Each record below must be reproduced exactly as it reads, with its images omitted.

======

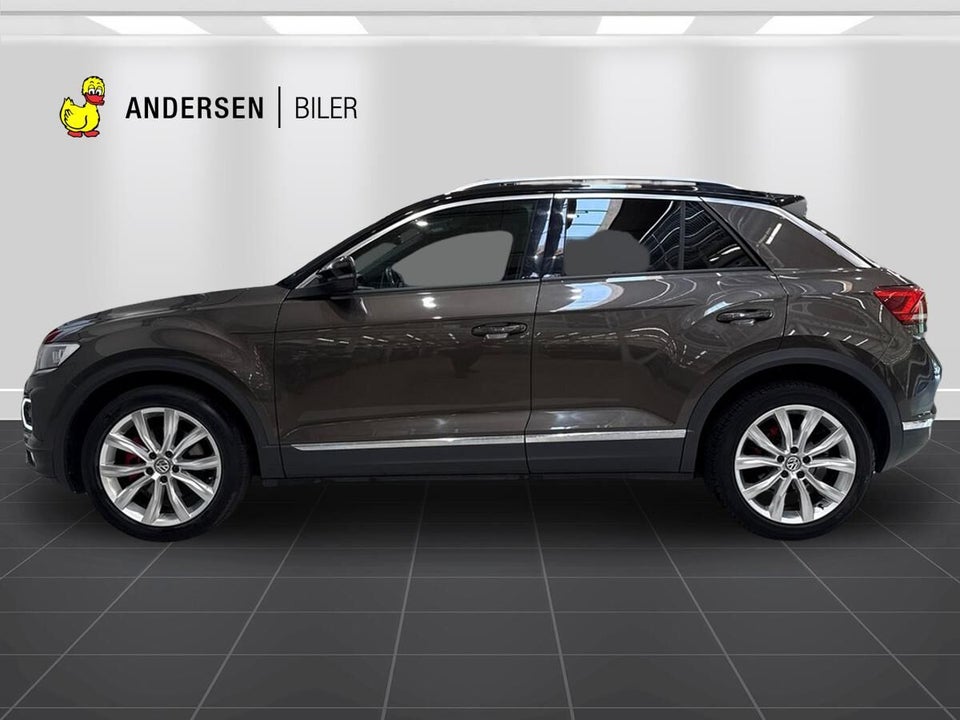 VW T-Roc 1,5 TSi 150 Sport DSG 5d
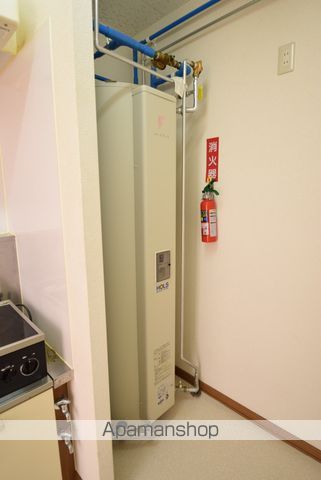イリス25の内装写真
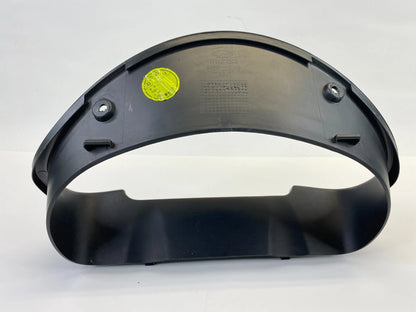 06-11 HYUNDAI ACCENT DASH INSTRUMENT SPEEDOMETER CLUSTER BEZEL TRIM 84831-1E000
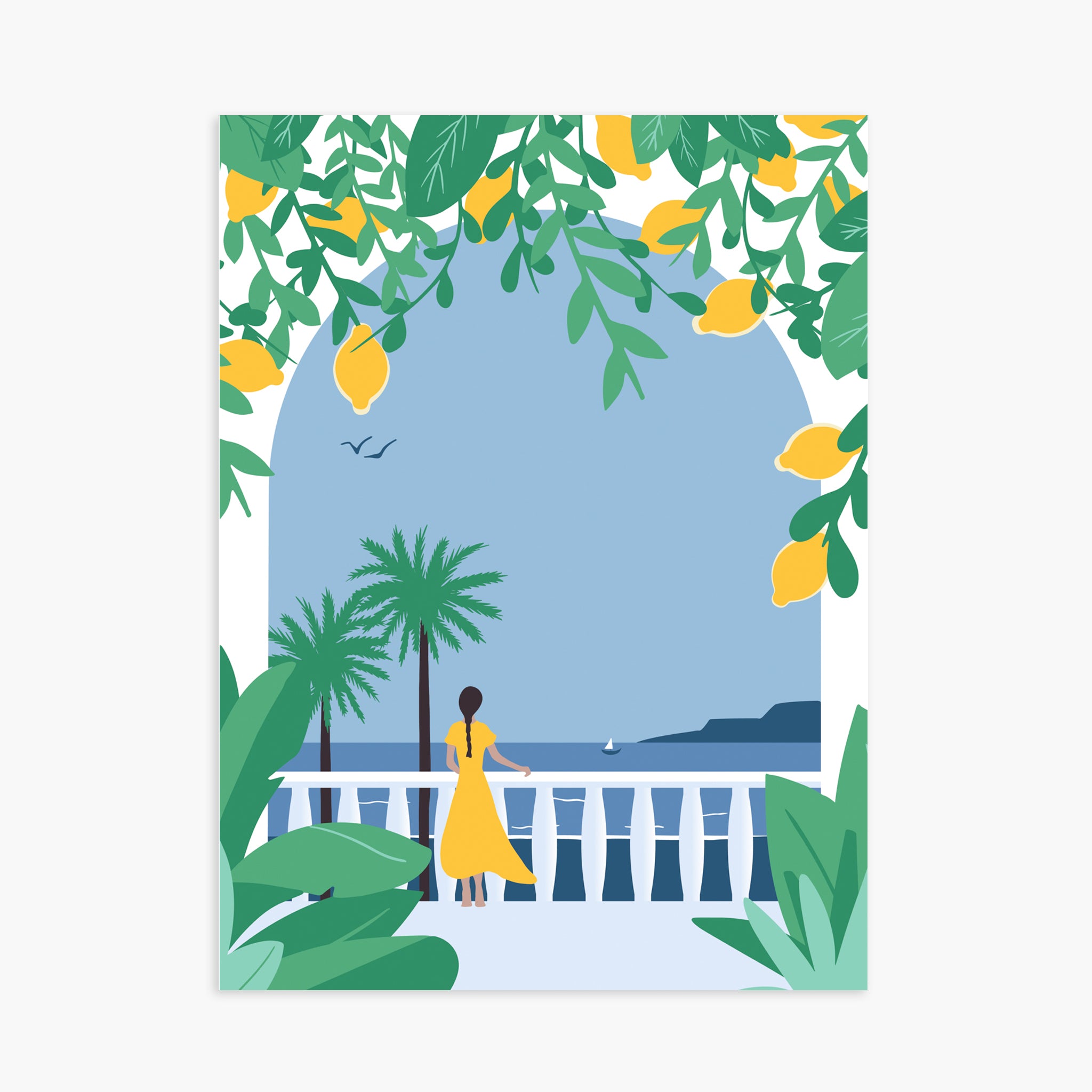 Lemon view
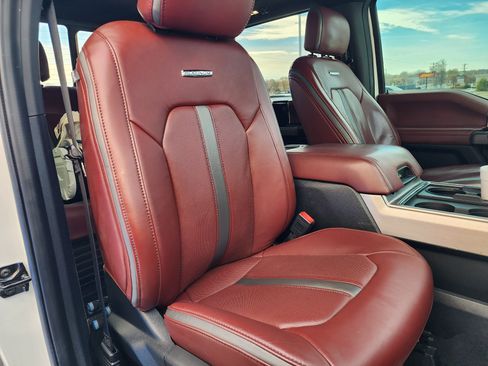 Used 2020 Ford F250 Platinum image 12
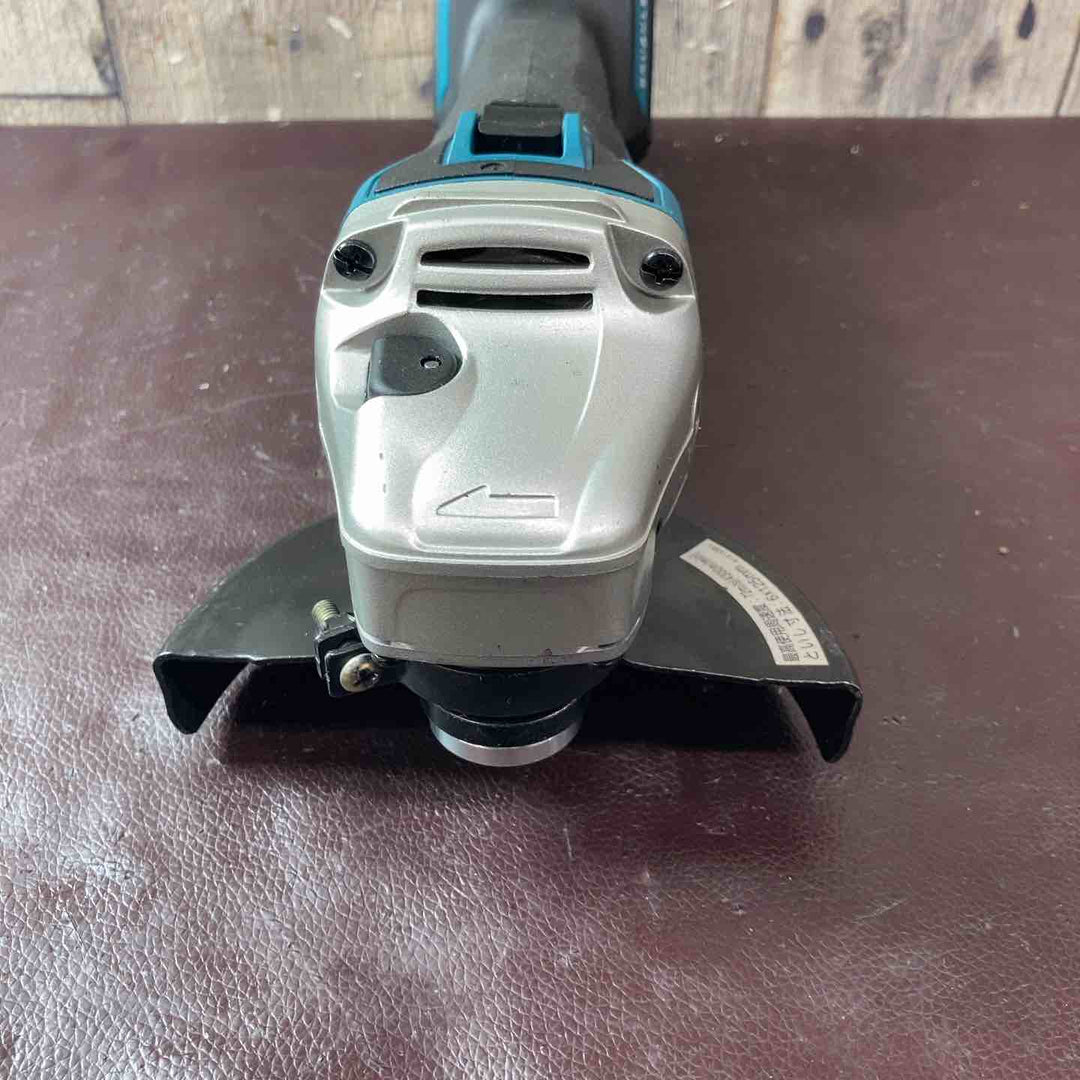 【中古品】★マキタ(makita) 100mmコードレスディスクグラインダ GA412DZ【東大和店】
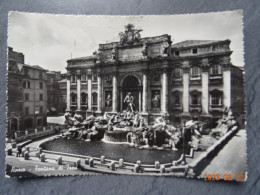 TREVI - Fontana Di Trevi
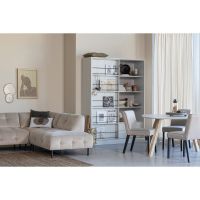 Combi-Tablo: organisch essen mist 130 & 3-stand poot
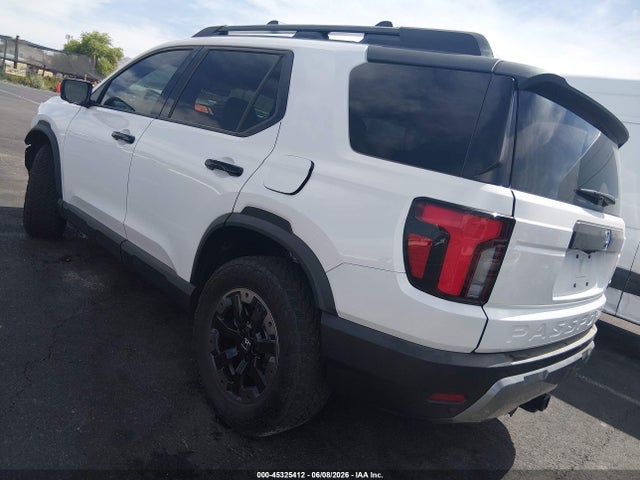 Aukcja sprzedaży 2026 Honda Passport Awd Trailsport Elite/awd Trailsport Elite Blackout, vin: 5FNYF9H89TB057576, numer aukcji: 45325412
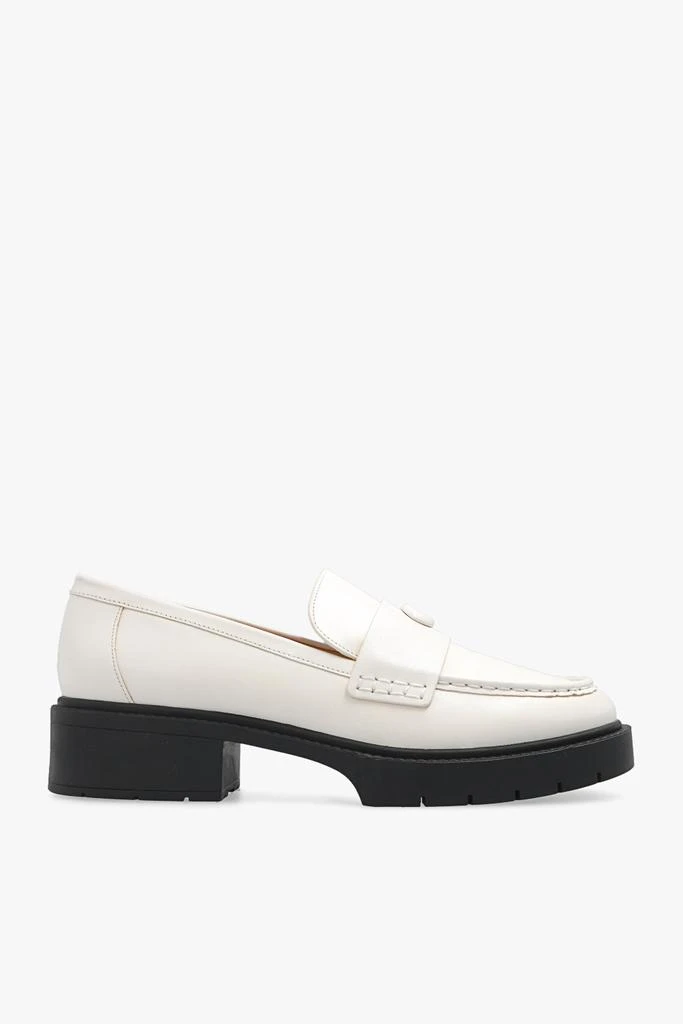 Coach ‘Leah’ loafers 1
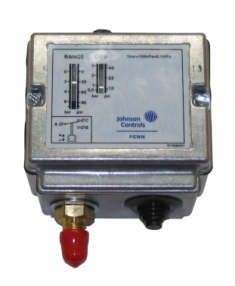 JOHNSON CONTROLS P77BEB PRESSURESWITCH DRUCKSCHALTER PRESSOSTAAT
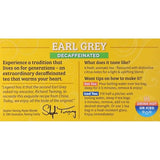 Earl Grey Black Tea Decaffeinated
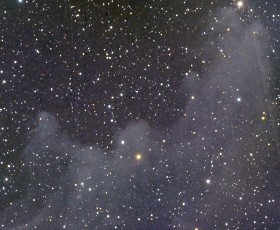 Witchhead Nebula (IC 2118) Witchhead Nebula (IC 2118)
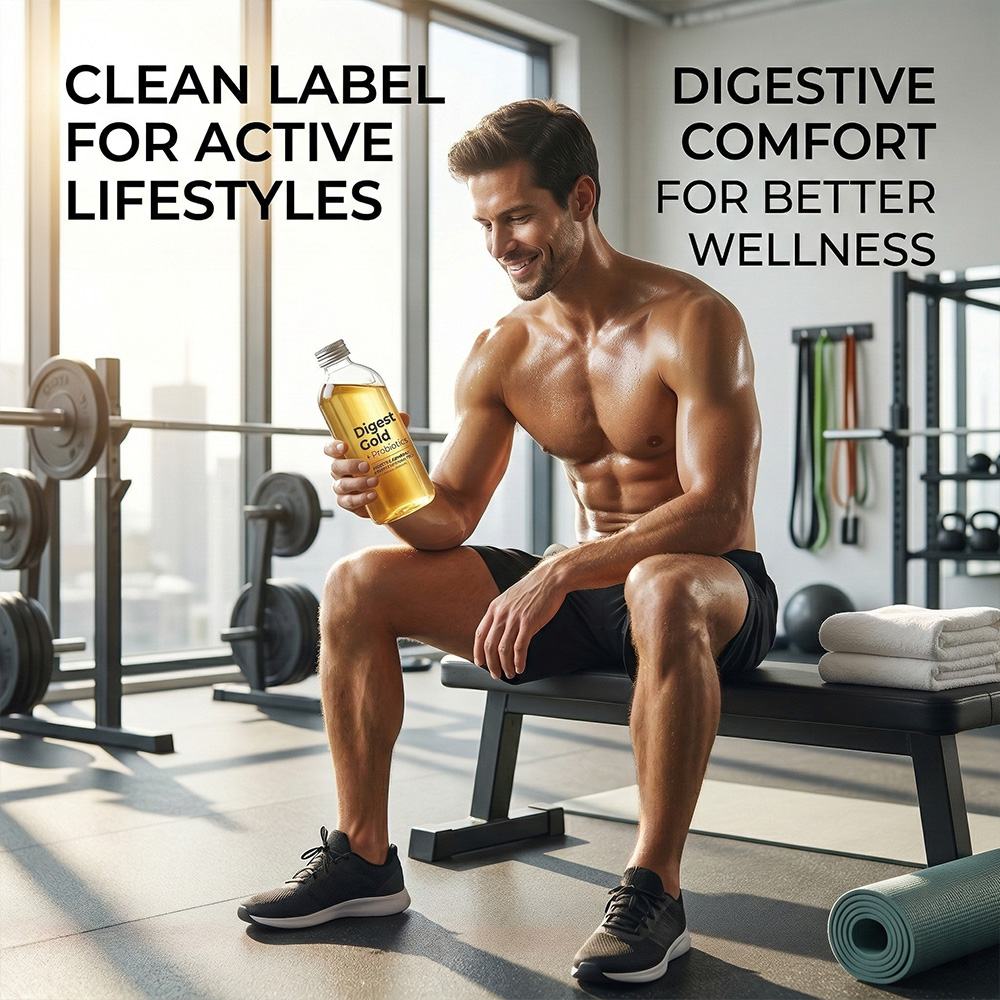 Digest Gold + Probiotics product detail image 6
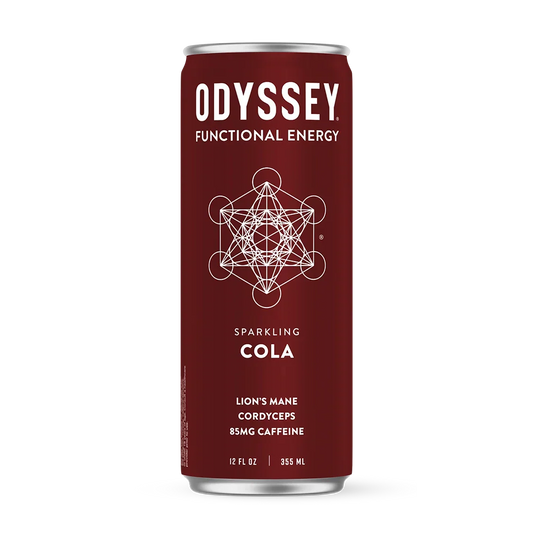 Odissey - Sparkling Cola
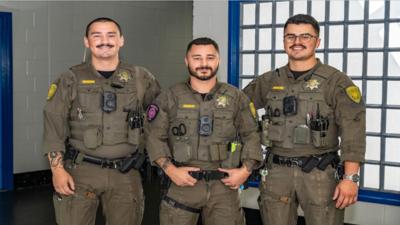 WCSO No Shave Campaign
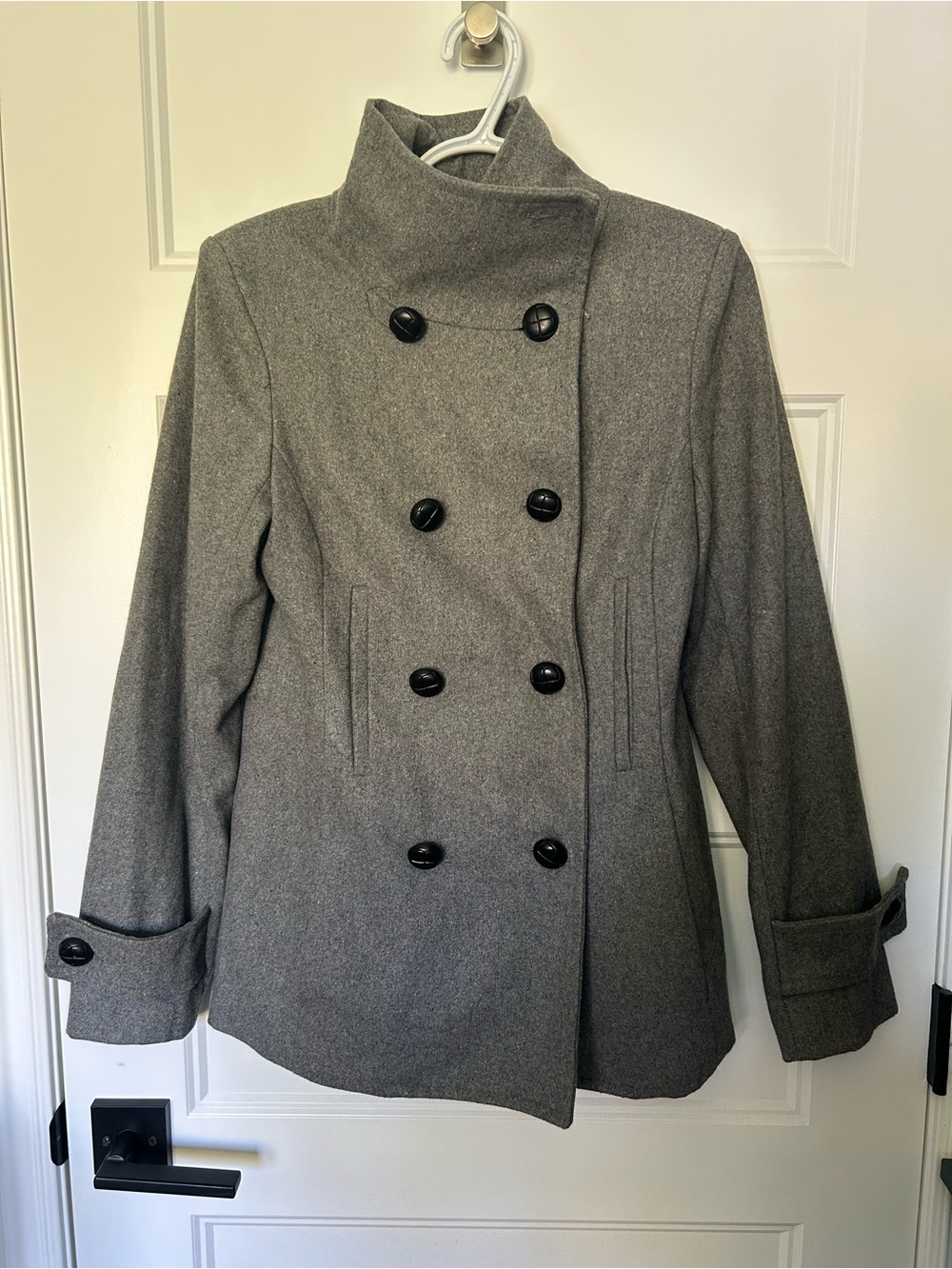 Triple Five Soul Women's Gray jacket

======

Output for this exercise:
 VW T-Roc 1,5 TSi 150 Sport DSG 5d
イリス25の内装写真
 06-11 HYUNDAI ACCENT DASH INSTRUMENT SPEEDOMETER CLUSTER BEZEL TRIM 84831-1E000
 Lemon view
 Used 2020 Ford F250 Platinum image 12
 【中古品】★マキタ(makita) 100mmコードレスディスクグラインダ GA412DZ【東大和店】
 TREVI - Fontana Di Trevi
 Combi-Tablo: organisch essen mist 130 & 3-stand poot
 Aukcja sprzedaży 2026 Honda Passport Awd Trailsport Elite/awd Trailsport Elite Blackout, vin: 5FNYF9H89TB057576, numer aukcji: 45325412
 Coach ‘Leah’ loafers 1
 JOHNSON CONTROLS P77BEB PRESSURESWITCH DRUCKSCHALTER PRESSOSTAAT
 Earl Grey Black Tea Decaffeinated
 Witchhead Nebula (IC 2118) Witchhead Nebula (IC 2118)
 Digest Gold + Probiotics product detail image 6
 Odissey - Sparkling Cola
 WCSO No Shave Campaign
 Triple Five Soul Women's Gray jacket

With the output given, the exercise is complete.